─── Dataset excerpts ───
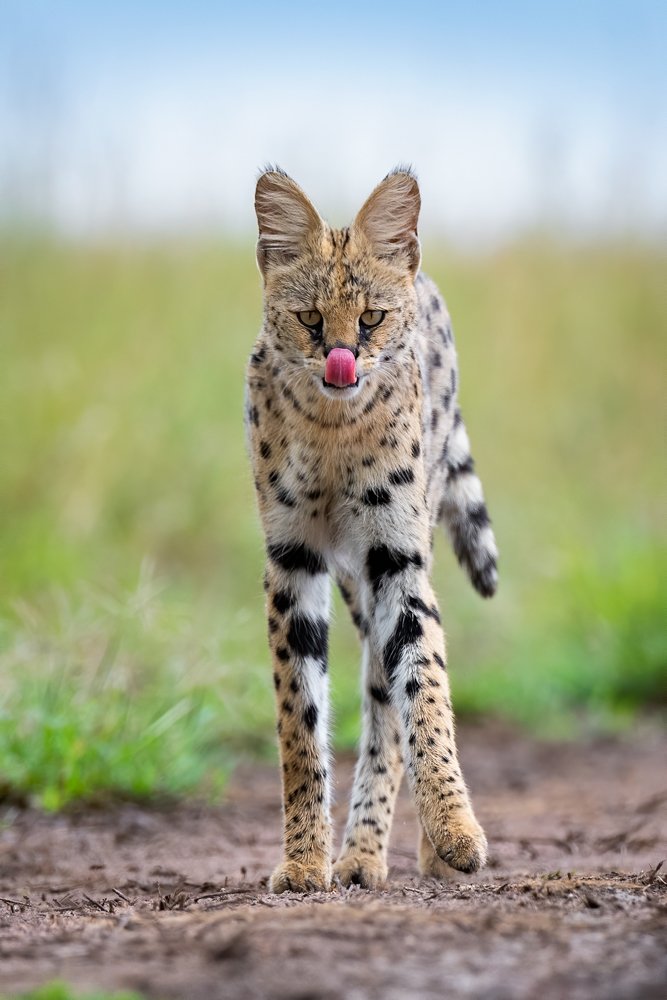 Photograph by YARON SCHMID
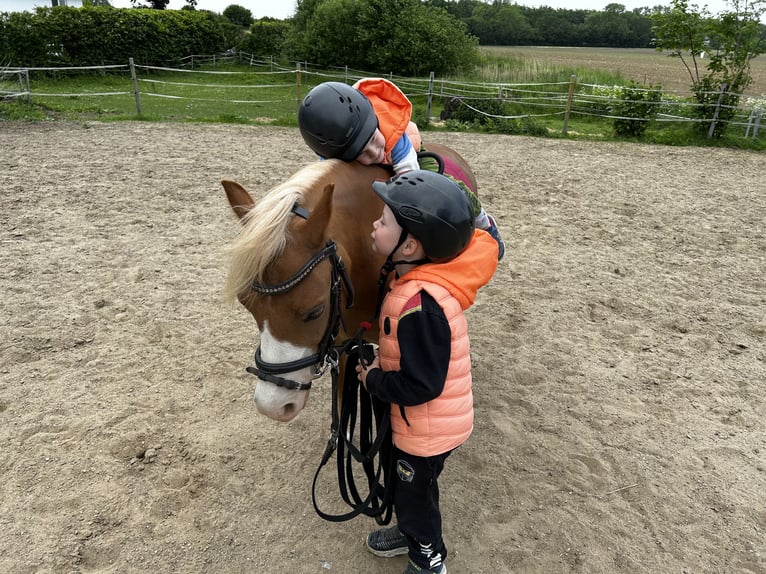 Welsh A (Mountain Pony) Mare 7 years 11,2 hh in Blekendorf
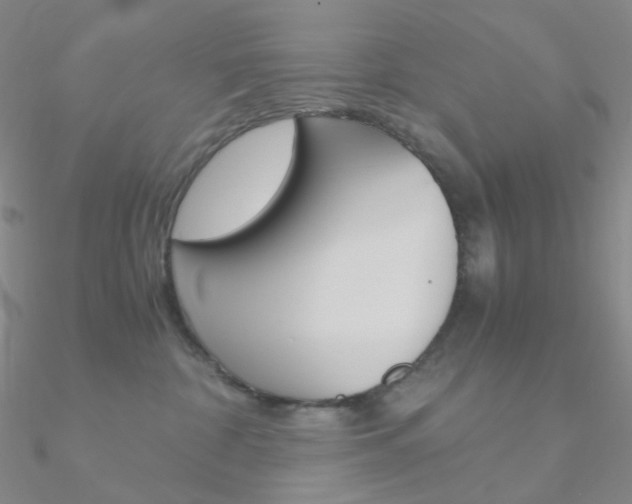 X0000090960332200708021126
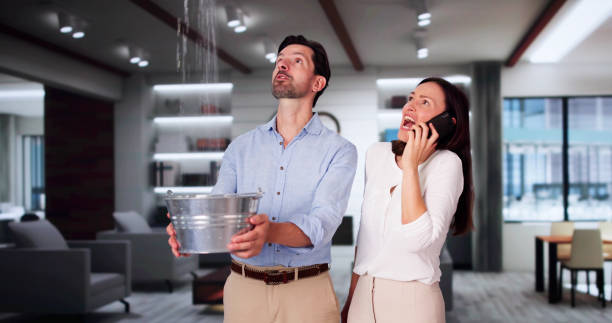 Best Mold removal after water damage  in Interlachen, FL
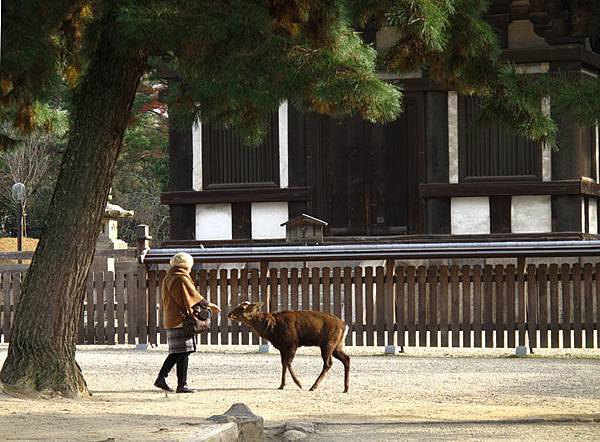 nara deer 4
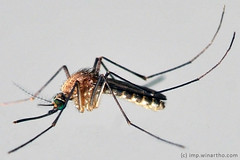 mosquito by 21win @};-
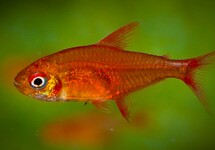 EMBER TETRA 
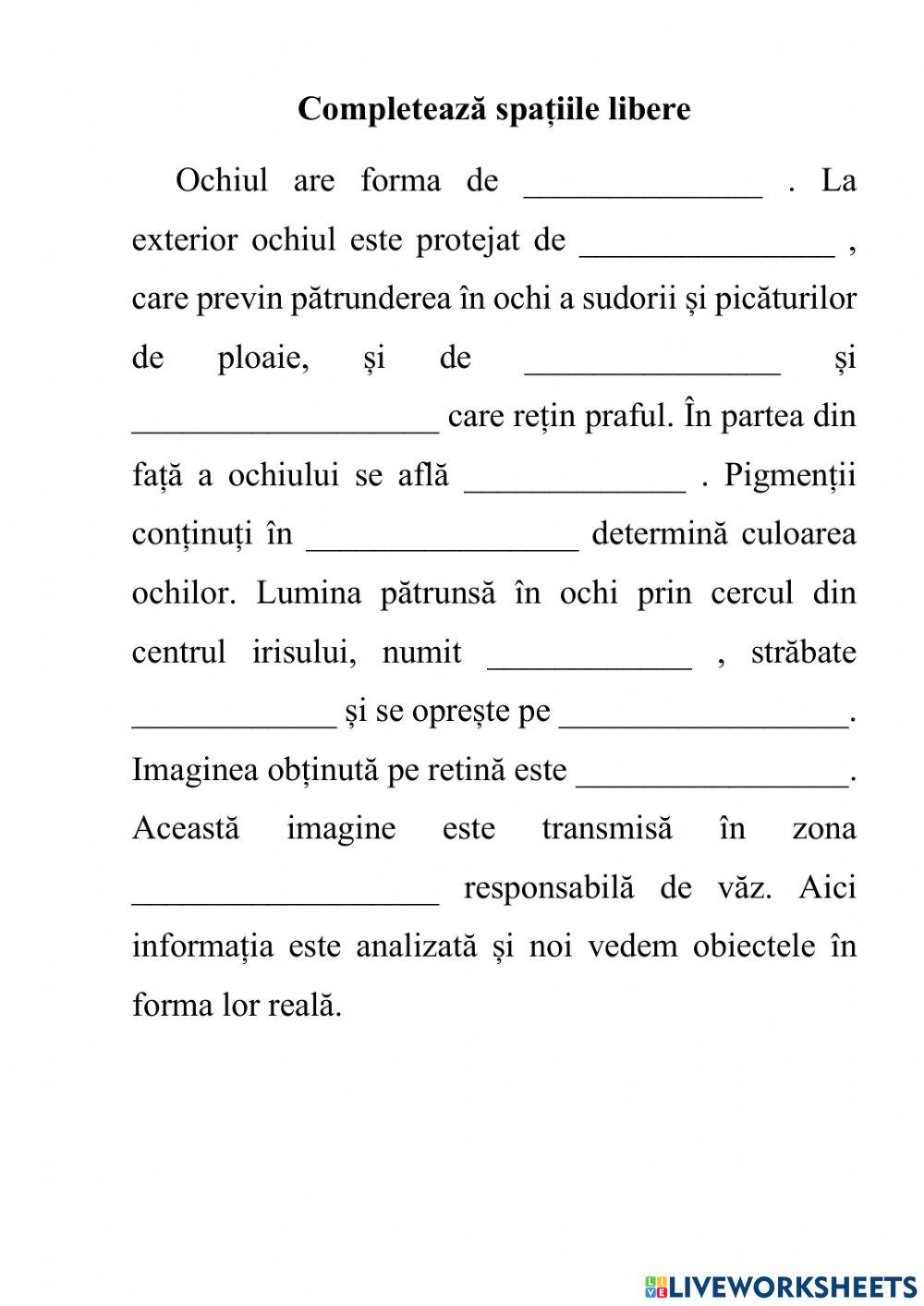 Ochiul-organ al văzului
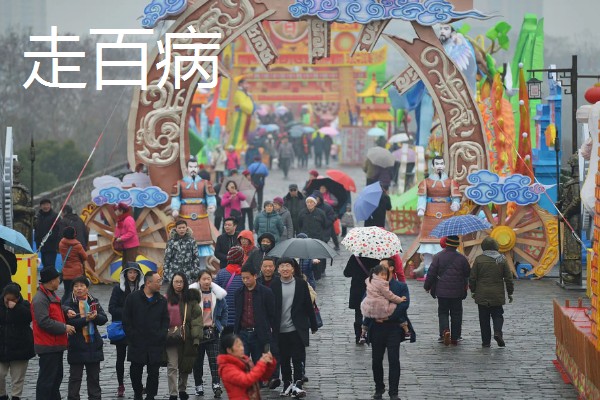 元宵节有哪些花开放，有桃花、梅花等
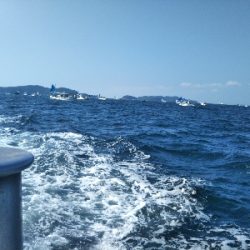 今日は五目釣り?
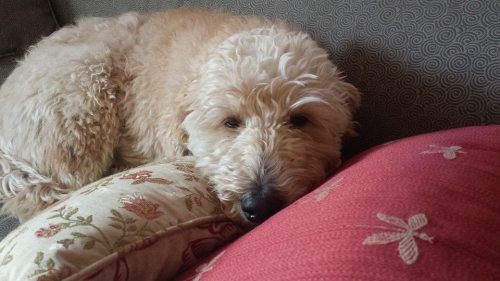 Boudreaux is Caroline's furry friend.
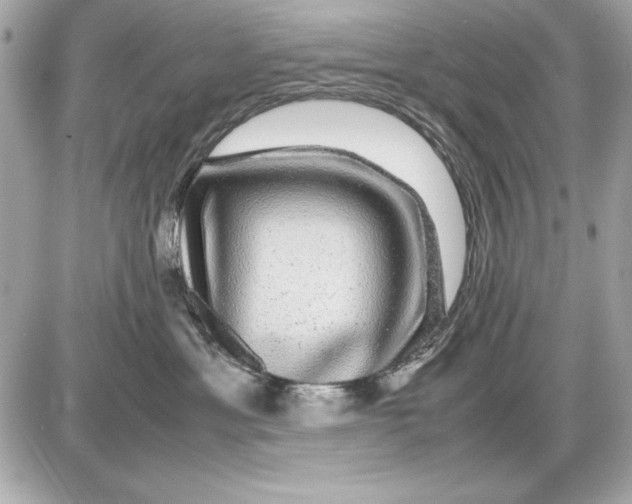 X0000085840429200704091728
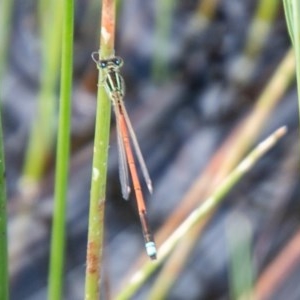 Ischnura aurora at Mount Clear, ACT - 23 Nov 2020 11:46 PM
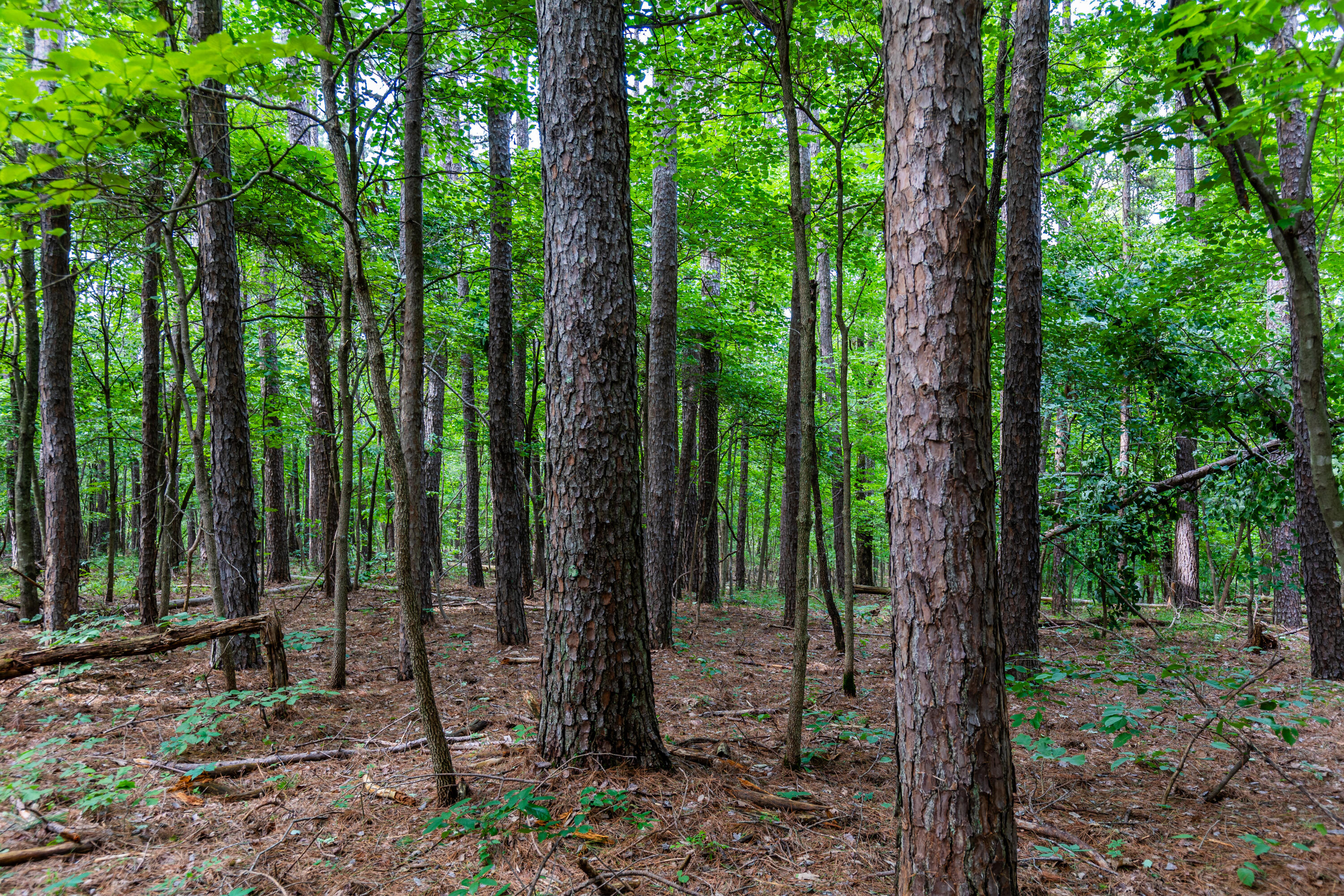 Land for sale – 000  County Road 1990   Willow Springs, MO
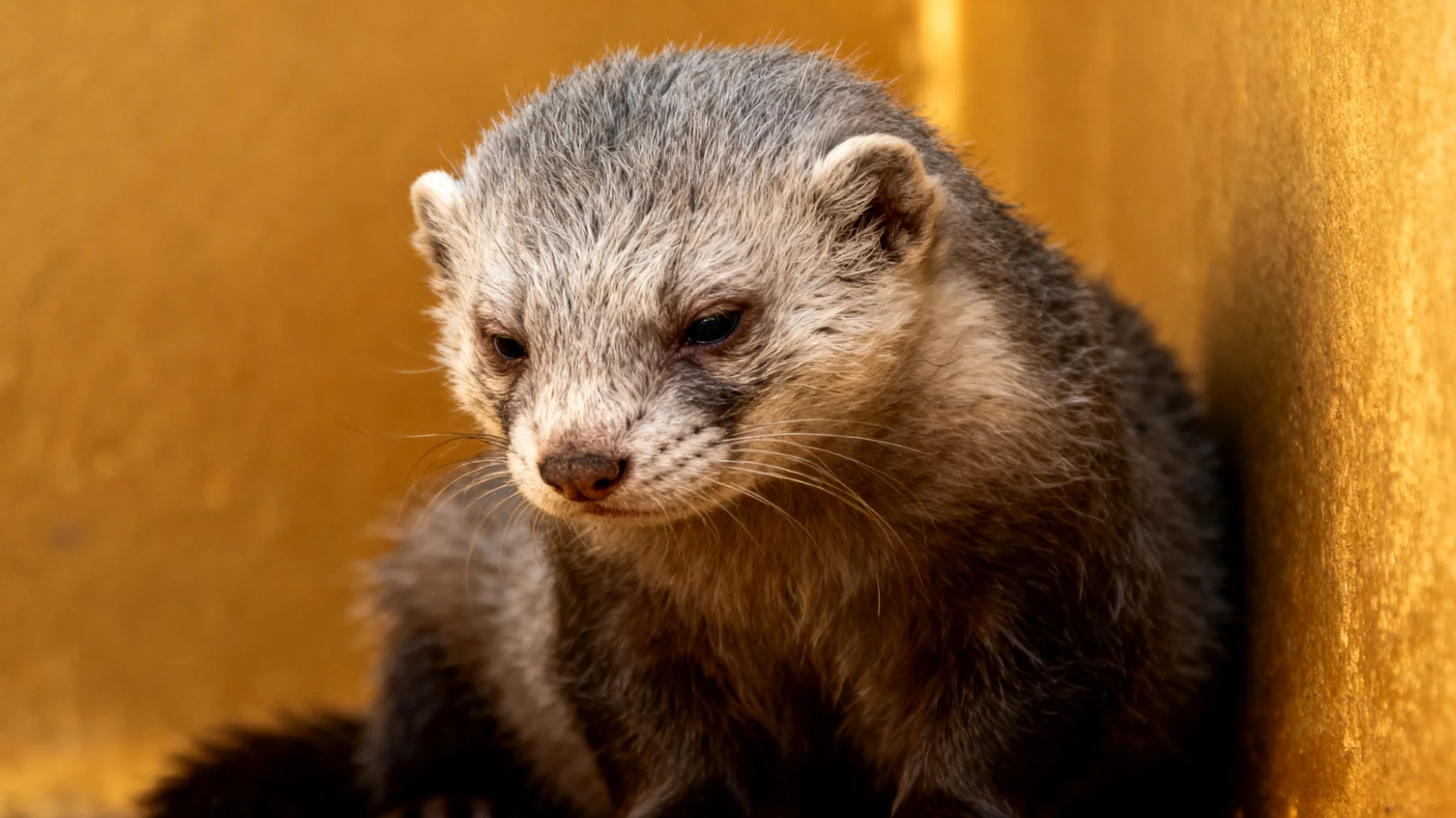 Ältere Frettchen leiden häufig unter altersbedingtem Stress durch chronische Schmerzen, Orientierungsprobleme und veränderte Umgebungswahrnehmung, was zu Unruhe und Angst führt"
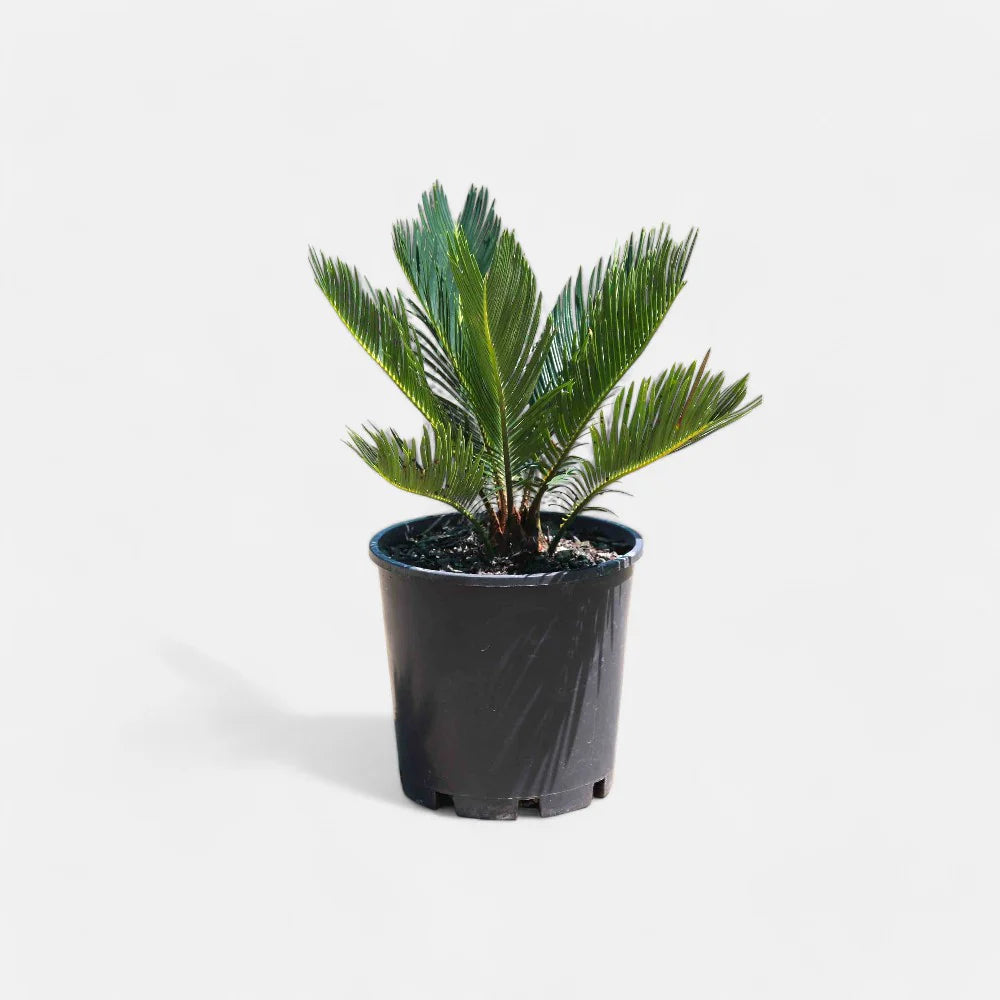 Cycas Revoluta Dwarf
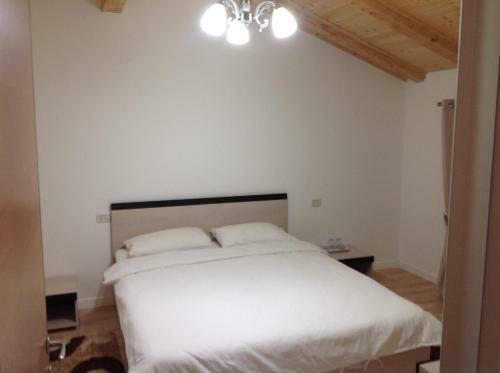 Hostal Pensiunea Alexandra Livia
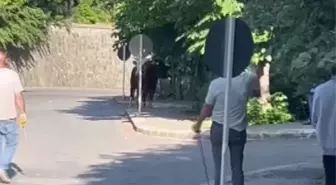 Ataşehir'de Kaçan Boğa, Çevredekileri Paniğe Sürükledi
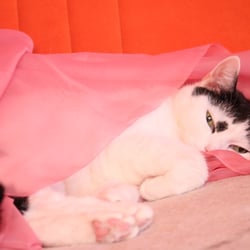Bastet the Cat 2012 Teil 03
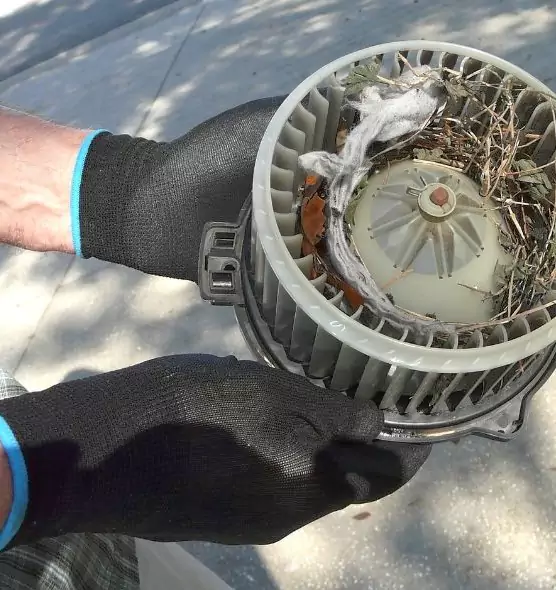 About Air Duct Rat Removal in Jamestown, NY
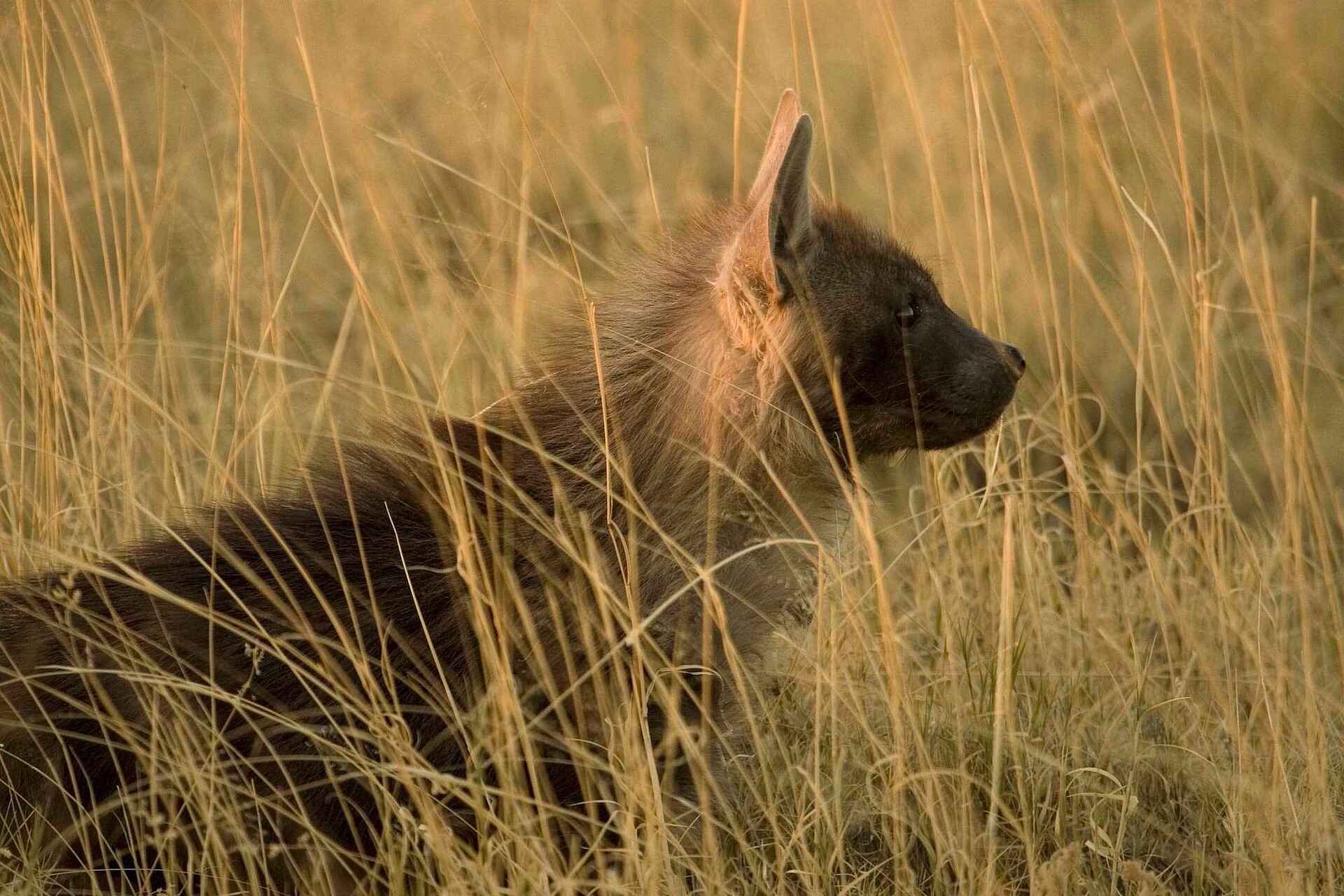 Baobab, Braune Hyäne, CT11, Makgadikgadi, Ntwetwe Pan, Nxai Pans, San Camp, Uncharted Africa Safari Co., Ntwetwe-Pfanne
───
_What is expected_
Once the line containing "Land for sale" has been located, transcribe exactly and only every line from the first line of the entries through it, excluding pictures.

_Reply to the exercise_
 Photograph by YARON SCHMID
 Welsh A (Mountain Pony) Mare 7 years 11,2 hh in Blekendorf
 X0000090960332200708021126
 Best Mold removal after water damage  in Interlachen, FL
 nara deer 4
 mosquito by 21win @};-
 EMBER TETRA 
 Ochiul-organ al văzului
 元宵节有哪些花开放，有桃花、梅花等
 今日は五目釣り?
 Boudreaux is Caroline's furry friend.
 X0000085840429200704091728
 Ischnura aurora at Mount Clear, ACT - 23 Nov 2020 11:46 PM
 Land for sale – 000  County Road 1990   Willow Springs, MO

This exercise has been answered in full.